The Internet has done pretty well at serving the public for the past 20 years, much better than any US government agencies I can think of. It has done so even though it has not had the benefit of regulations thought up by do-gooders at the Kennedy School of Government.
Take you own advice, please, Elaine. "Do no harm".
As for predictions from MIT that the Internet will collapse under the weight of expanding use, they have been around for well over 10 years. The most famous such was by Robert Metcalfe (PhD from MIT, inventor of Ethernet and founder of 3Com). For many years Metcalfe wrote an influential column in Infoworld. In a December 1995 column he wrote:
"I PREDICT the Internet...will soon go spectacularly supernova and in 1996 catastrophically collapse."
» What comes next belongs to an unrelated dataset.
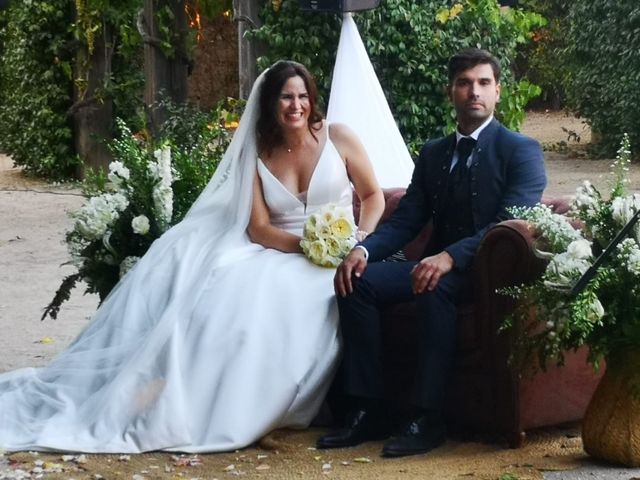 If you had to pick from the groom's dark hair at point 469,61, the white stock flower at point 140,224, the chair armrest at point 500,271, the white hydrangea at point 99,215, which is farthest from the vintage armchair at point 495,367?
the white hydrangea at point 99,215

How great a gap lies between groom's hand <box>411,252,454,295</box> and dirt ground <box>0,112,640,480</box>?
2.00 ft

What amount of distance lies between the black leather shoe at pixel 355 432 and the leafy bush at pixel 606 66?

With typical flair, Metcalfe offered to eat his words at the end of 1996 if his prediction didn’t come true. He ate a piece of paper containing his incorrect prediction at a press conference a year later.
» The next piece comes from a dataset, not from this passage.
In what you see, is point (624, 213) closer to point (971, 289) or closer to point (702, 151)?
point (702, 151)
Metcalfe’s 1995 prediction was made as the Web and HTTP were taking off. But it was long before Google, Facebook, Ebay, Napster, Skype, or YouTube required much bandwidth.
He could have been right, of course. Certainly the technologies of the Internet have never been very far ahead of its amazing growth. But thousands of very bright people work very hard every day to help the Internet keep up. Much of their work is done within for-profit entities, but much also is done in non-profit standards bodies (whose activities are largely underwritten by the private sector through pro-bono participation of their own people).
Ironically, Kamarck’s own political mentor, the Nobel prixe winning Al Gore, proposed in the early 1990s that the US government should build an “information superhighway” so that important new network technologies could flourish without being hampered because, somewhere in the world, teenagers are playing online games or grandmas are staring at their children's babies” on the Internet.
Happily, Gore’s early pleadings were ignored. He then “moved on” to discover global warming.